Since Jan. 1, 2010, manufacturers have had 11 recalls related to hydrophilic and/or hydrophobic coatings separating from medical devices, according to the FDA. It said most of the recalls were associated with guidewires, but there have also been recalls for sheaths, retrieval devices and embolization device delivery wires used in the vasculature.
Since Jan. 1, 2014, the FDA said it has received approximately 500 reports pertaining to the separation of coatings on medical devices. More than 75 percent of the reports were described as device malfunctions, and the majority were for vascular guidewires. There were also reports for catheters and introducers used for cerebrovascular, cardiovascular and peripheral vascular procedures.
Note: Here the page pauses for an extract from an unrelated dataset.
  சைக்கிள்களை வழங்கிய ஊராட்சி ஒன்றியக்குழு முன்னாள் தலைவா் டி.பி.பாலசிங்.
The FDA noted that serious adverse events in the reports and in the scientific literature included pulmonary embolism, pulmonary infarction, myocardial embolism, MI, embolic stroke, tissue necrosis and death. In the reports, some patients had coating fragments in them, which led to surgeries. Other patients had adverse tissue reactions and thrombosis.
“The FDA has not concluded that any specific manufacturer or brand of these devices is associated with higher risks than others,” the agency said in a news release. “The causes of these issues are multifactorial, and can be associated with factors including device design, device manufacturing, and use.”